Strengthening the International Monetary System
In reviewing its mandate, the IMF will deliver a broad outline of what’s expected of the Fund in today’s world, including surveillance, lending, and functioning of the international monetary system. This review will include a consideration of the appropriate size of IMF resources and its composition between quota and borrowed resources. It will also entail a discussion of the Fund’s financing role and of further developing IMF instruments as credible alternatives to self-insurance and excessive reserve accumulation. This discussion will assess how to build on resources like the Flexible Credit Line and High Access Precautionary Arrangements to better help members cope with financial volatility while preserving adequate safeguards. The Executive Board will also consider sources of instability in the international monetary system and the scope for diversifying the supply of reserves assets. The review will also take a fresh look at the modalities of economic surveillance.
Further Enhancing Fund Policy Advice
The request for the Fund to assist in the implementation of the G20’s Framework for Strong, Sustainable, and Balanced Growth, offers the potential to increase significantly the traction of surveillance on the Fund’s most systemic members. The Executive Board will discuss the framework and process underlying the IMF’s role in G-20 mutual assessments. The IMF will also continue examining global thematic issues, including the policies of countries with large financial sectors relative to the size of their economies and how emerging markets have coped with the crisis.
Quota and Governance Reform
The International Monetary and Financial Committee has called on the Executive Board to meet the January 2011 target for Quota reform with the objective of a shift in quota share to dynamic emerging and developing countries of at least five percent from over-represented to under-represented countries, using the current quota formula as a basis to work from, while also protecting the voting share of the poorest countries.
Furthermore, the IMF will continue to work on governance reform including the development of an open and transparent process for selecting IMF management. The Dean of the Executive Board has formed and is leading a Working Group of Executive Directors to that effect.
Low-Income Country Agenda
The IMF is advancing toward full implementation of the new income model, including gold sales, and is seeking contributions of loan and subsidy resources to support the agreed doubling of the IMF’s concessional lending capacity.

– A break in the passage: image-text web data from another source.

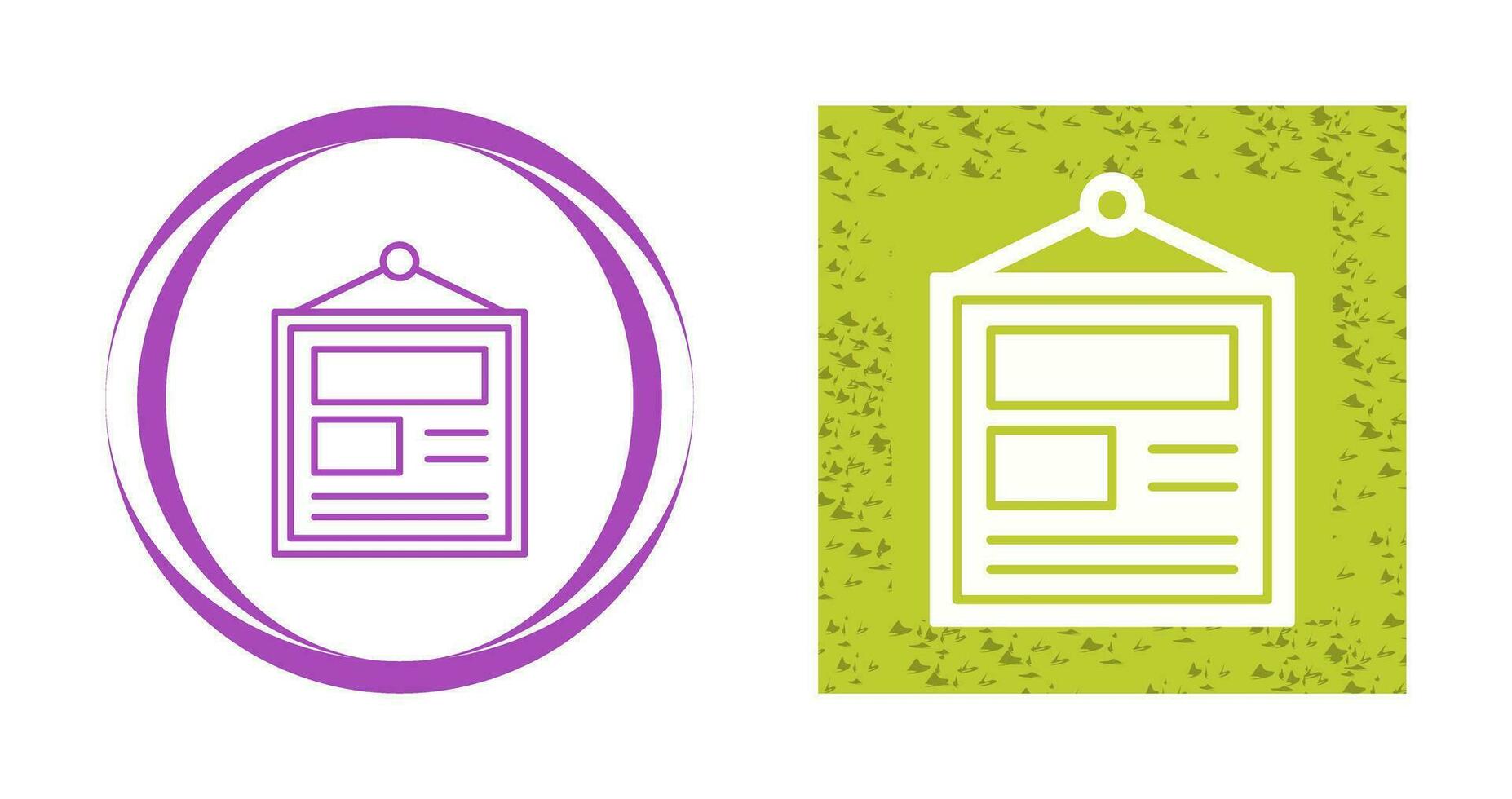 Poster Vector Icon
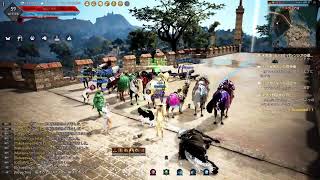 [黒い砂漠PS4]初心者マングーの冒険　＃3   PPFvsポテチ　ギルド交流戦！！エラー落ち続きです
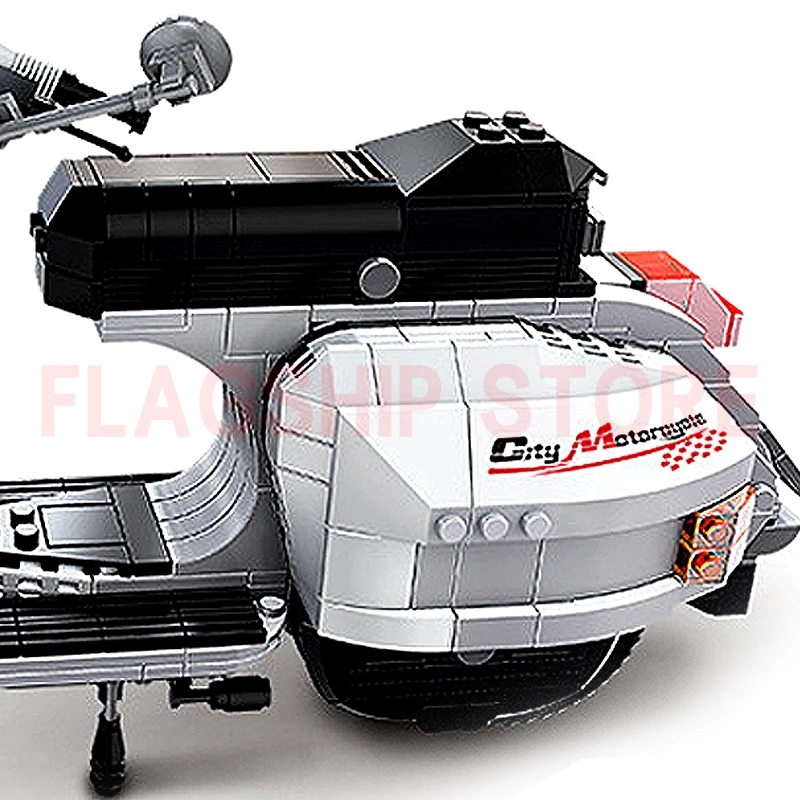 XingBao 03002 Оригинальные творческие технические классические серии Vespa P200 мото
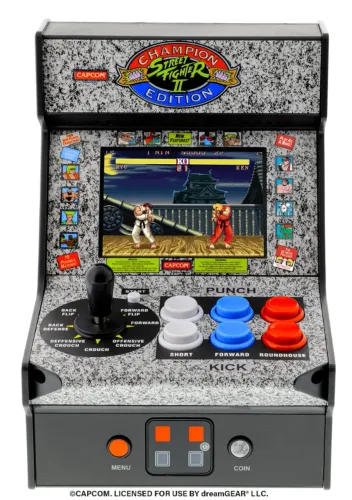Video Game - Street Fighter 2 MICRO PLAYER / Mini arcade completo e novo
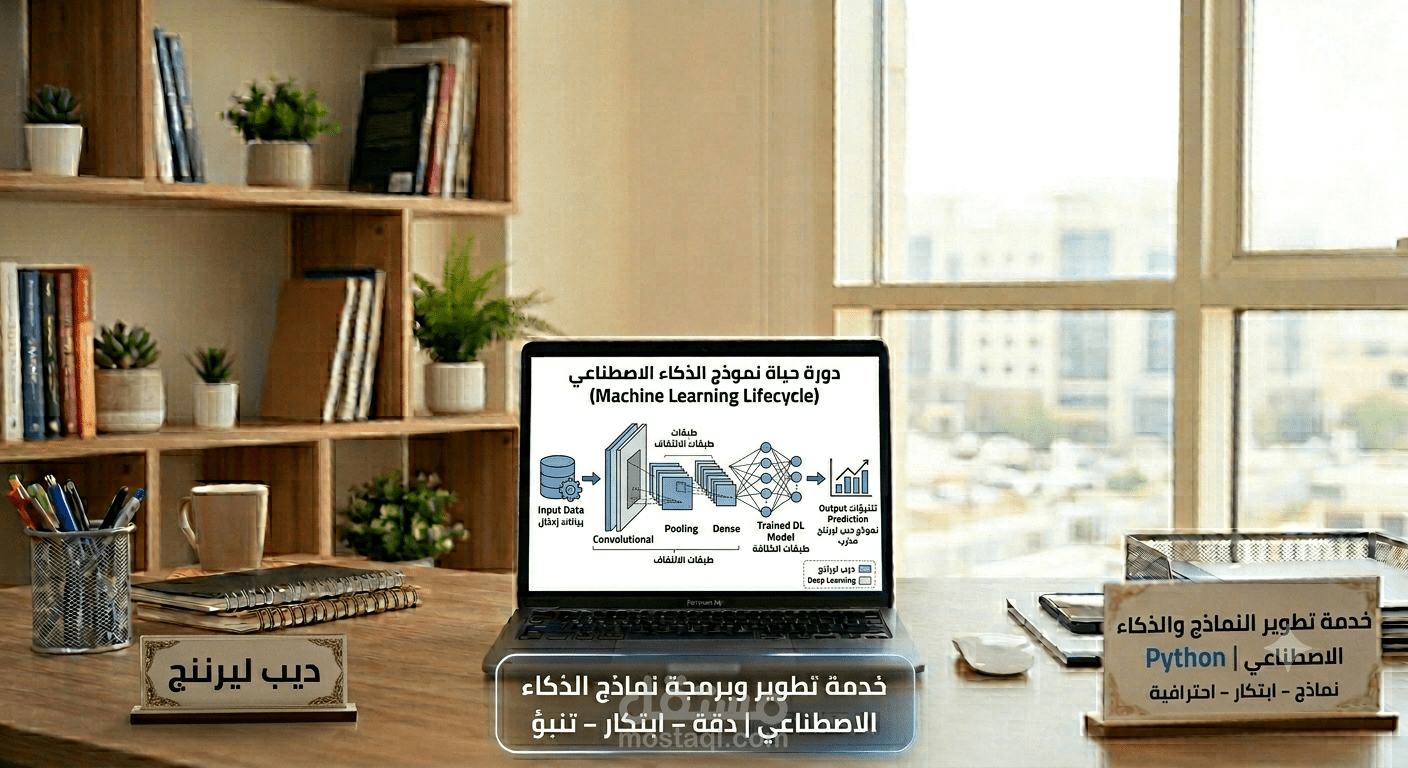 تطوير نماذج Deep Learning والذكاء الاصطناعي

To further respond to its most vulnerable members’ needs in the wake of the crisis, the IMF will examine which post-crisis policies in some low-income countries may need to adapt to preserve debt sustainability while supporting growth and managing macro-financial stability.
“This work program is no less ambitious and taxing than the one we have just completed, but I am sure that we can successfully meet this challenge,” said Mr. Strauss Kahn.